Setting the scene
Before I start uploading a backlog of posts about our latest Syrian adventures, I should describe my situation. For two reasons. First, because it’s great. And second, because tonight’s events really testify to our group’s intrepid pursuit of the Internet on a global scale.
Katie, Carlene and I needed the web tonight to post stories and entries, but we couldn’t seem to find a single cafe with wireless access in the bucolic suburbs of Homs. Meanwhile, our guide and dear friend, Osama, seemed confident he could deliver us to the Internet. That’s how, after a 20-minute drive and navigational input from Osama, his close friend, his close friend’s family and people on the side of the street, we located a “computer center,” with an uncanny resemblence to how I imagine a stockroom at CompUSA looked in the early ’90s.
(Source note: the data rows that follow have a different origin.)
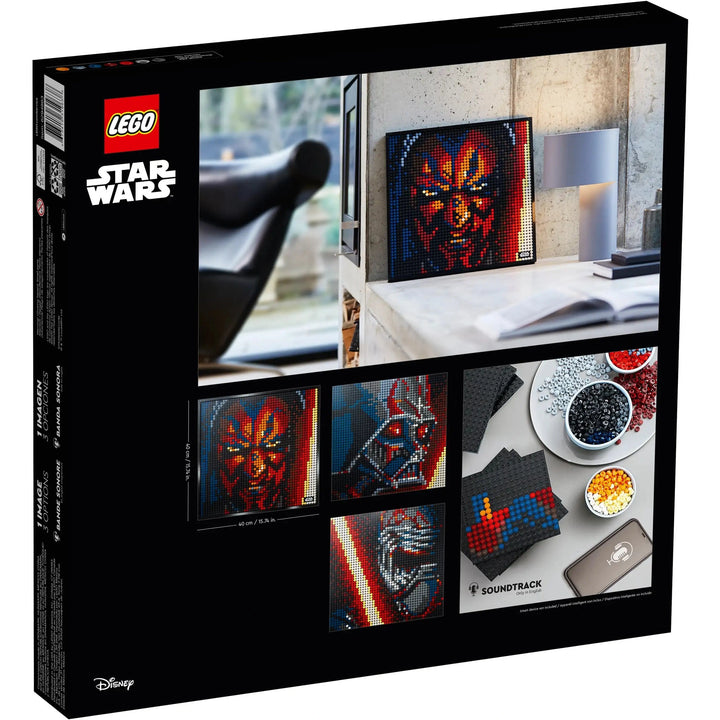 Experience the Force with LEGO 31200! Build Sith Lord portraits, listen to Star Wars soundtrack. Collectible art set for adult fans and creators.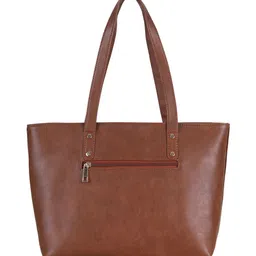 Mast & Harbour Tan Structured Shoulder Bag image 3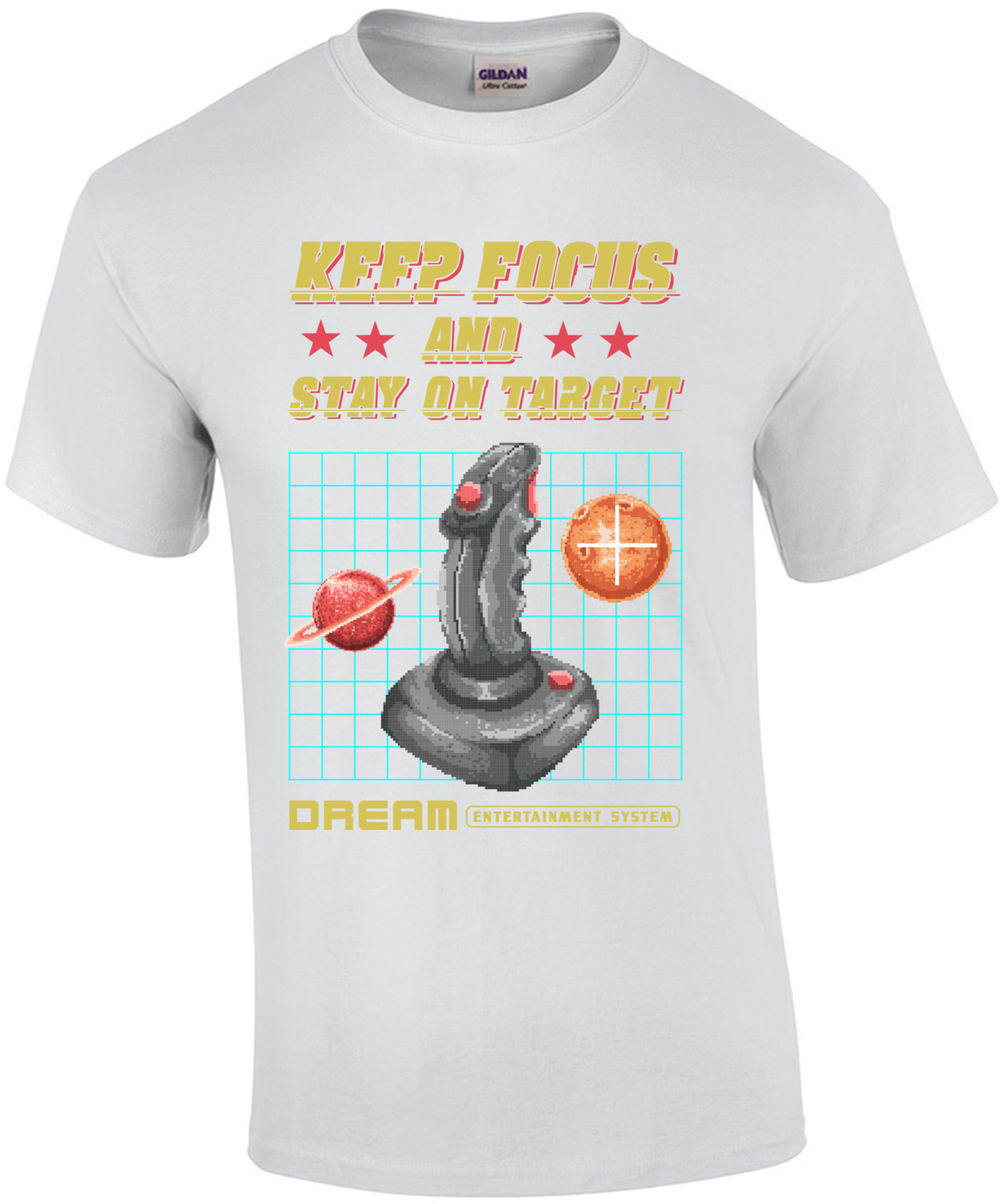 Keep Focus And Stay On Target Retro Gaming T-Shirt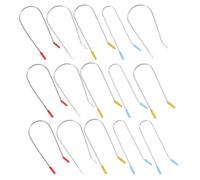 SKISUNO 32 Pcs Stainless Steel Hot Roller Clips for Hair Curlers Replacement Securing Pins for Electric Rollers with Safety and Reliability, for Professional Hairstylists and Home Use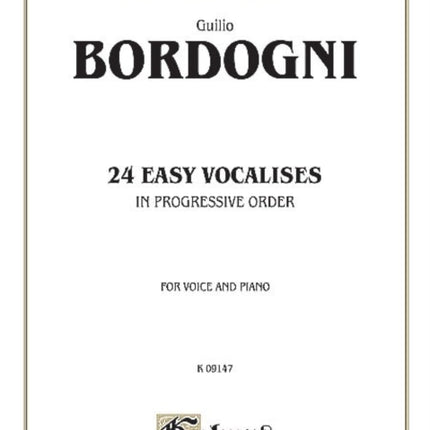TwentyFour Easy Vocalises in Progressive Order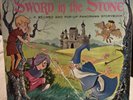 THE SWORD IN THE STONE - Orig. 1963 Disneyland LP Pop-Up Panorama Storybook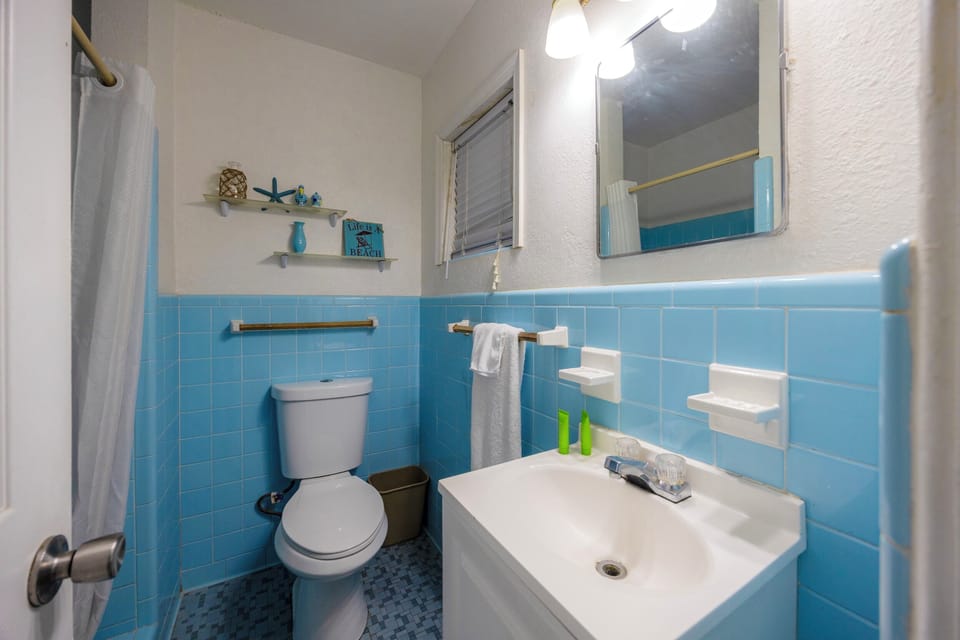 Room, 1 King Bed, Non Smoking | Bathroom | Free toiletries, hair dryer, towels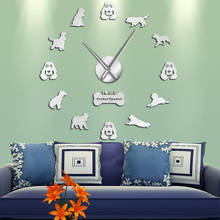 Cocker Spaniels Mirror Effect Wall Stickers Large DIY Wall Clock Dog Pet Owners Home Decor Cockers Wall Art Hanging Wall Watch 2024 - buy cheap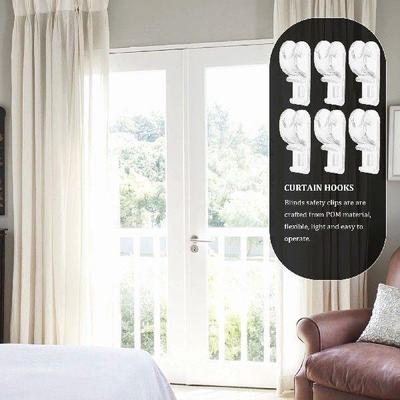 30 Pcs Hooks Clear Clips Roller Blind Fixing Shade Hook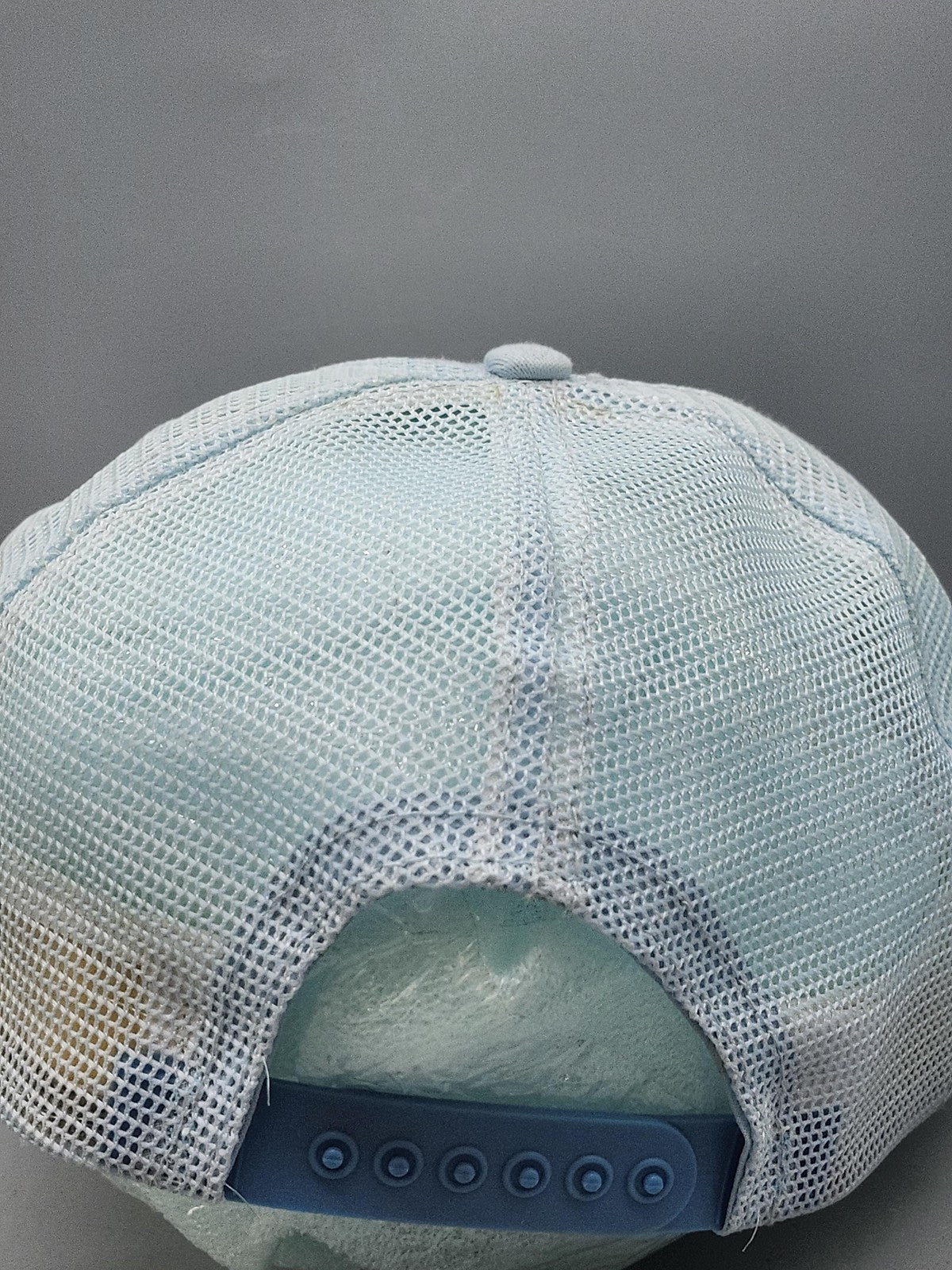 Vintage Royal Oaks New Era Hat Cap Snap Back Mens Small Blue Mesh Trucker 80s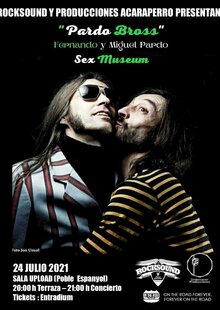Event poster pardo bros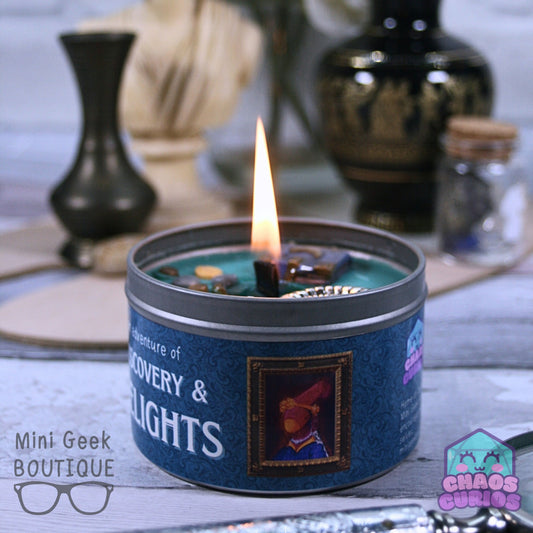 Discovery and Delights Candle by MGB and Chaos Curios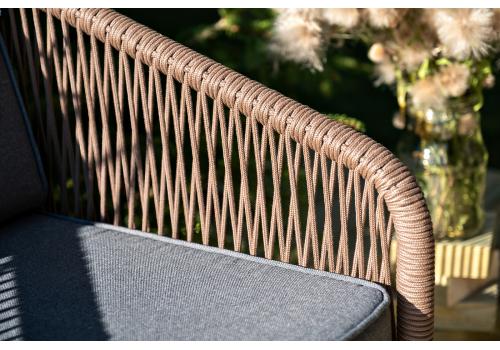  "Канны" лаунж-зона 5-местная плетеная из роупа (веревки), роуп коричневый, фото 13 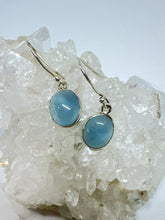 Blue Chalcedony drop earrings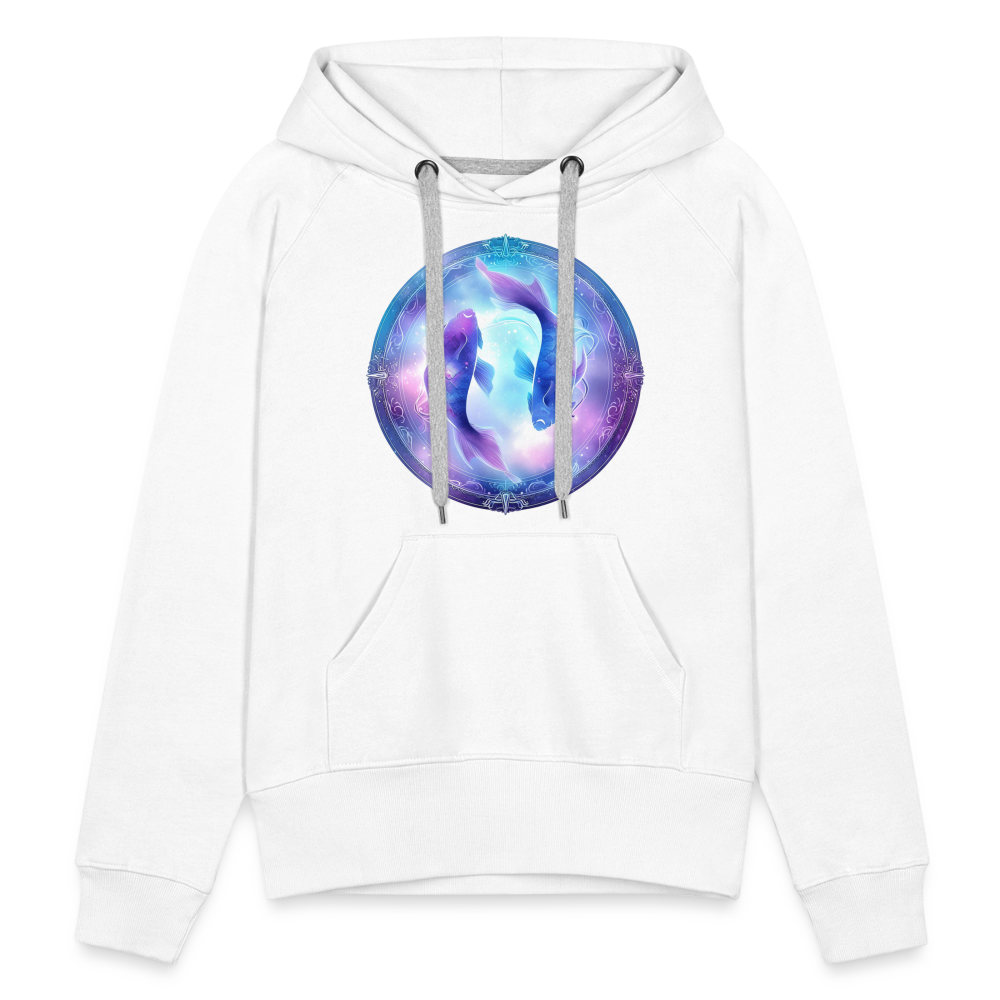 Women’s Mythical Pisces Premium Hoodie - white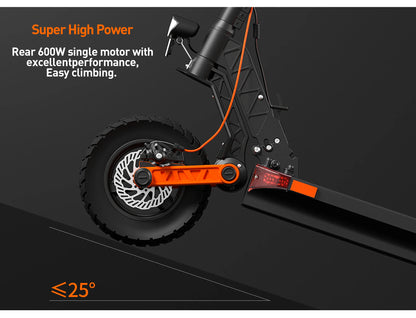 JOYOR S5-Z Electric Scooter Adults 600W Motor 48V13AH Battery City EScooter 10 Inch Off-Road Pneumatic Tires Foldable E-Scooter.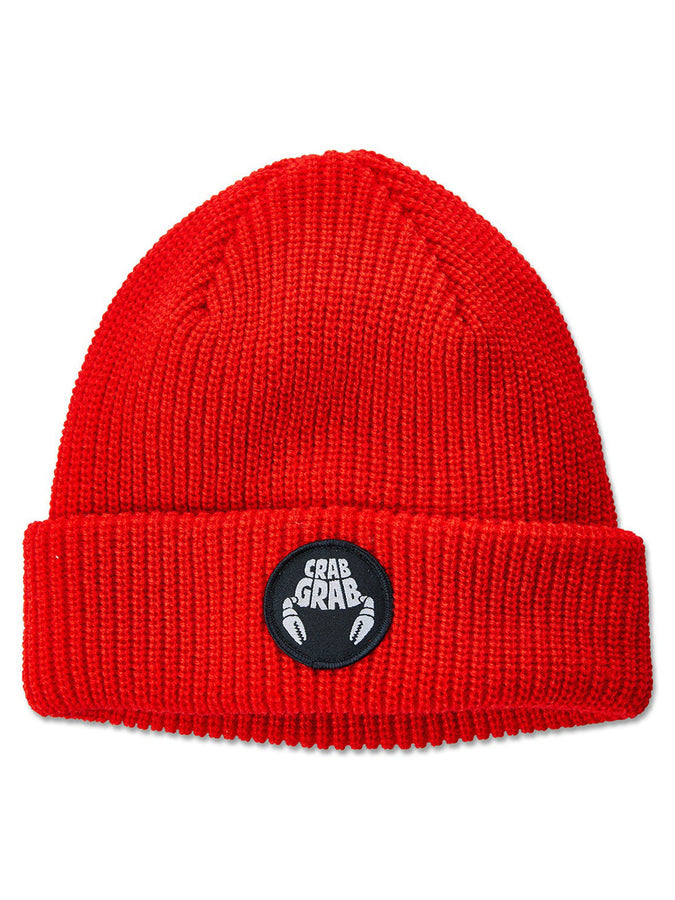 Crab Grab Circle Patch Beanie 2025 | RED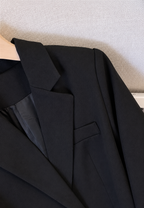 Blazer mujer doble botonadura solapas botones metálicos - Britta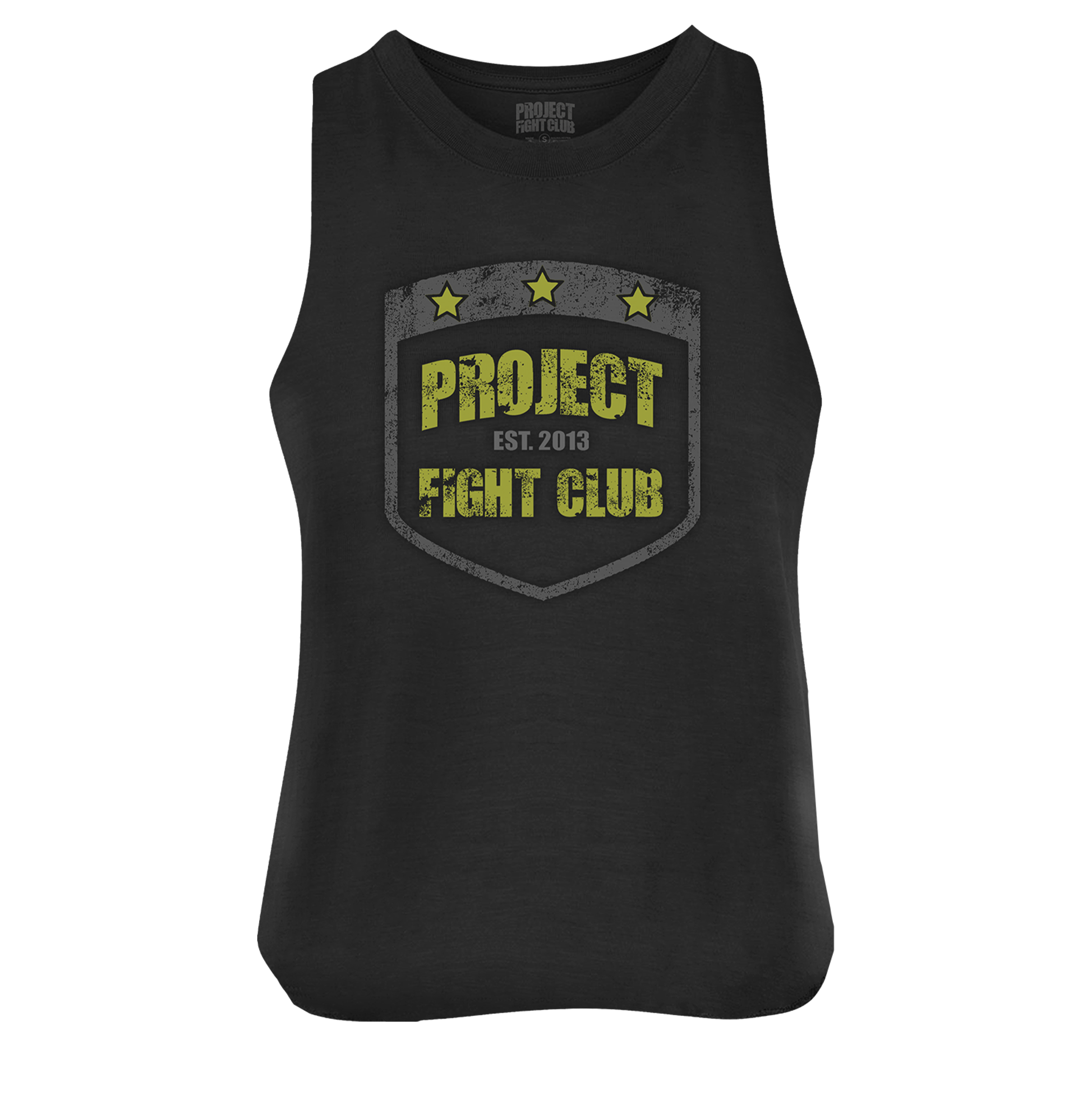 BLACK CROPPED RACERBACK TANK #2 - SPREAD CHRISTIANITY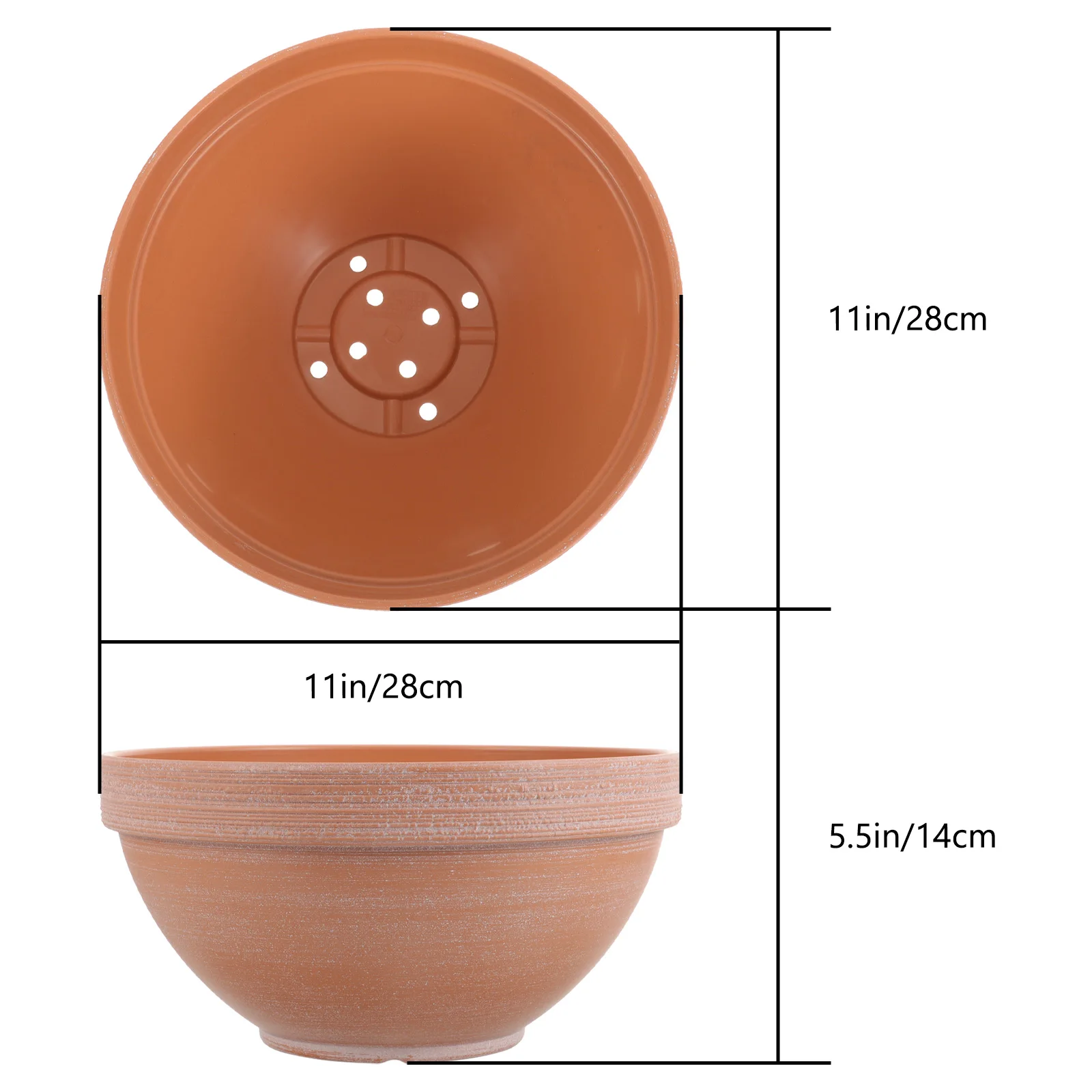 Terracotta Clay Pots Ceramic Pottery Cactus Flower Pots Orchid Nursery Pot Plastic Flower Plant Pot Drainage Holes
When we got here, a kind patron led us through swinging blue doors, tech-saloon style, to a small office with four prehistoric desktop computers and cardboard boxes of office supplies. That’s where I’m typing from.
Point two: Our absolute willingness to go wherever the Internet happened to lead is just one strand in the greater thematic fabric of our trip. We are always searching for the Internet. It is never easy. Not only were we semi-giddy to be en route to any establishment with any degree of web access, but we knew, intuitively, that some bizarre adventure was the prerequisite to finding a place to post.
It’s going to be so weird when I check my e-mail in less than 45 minutes next weekend.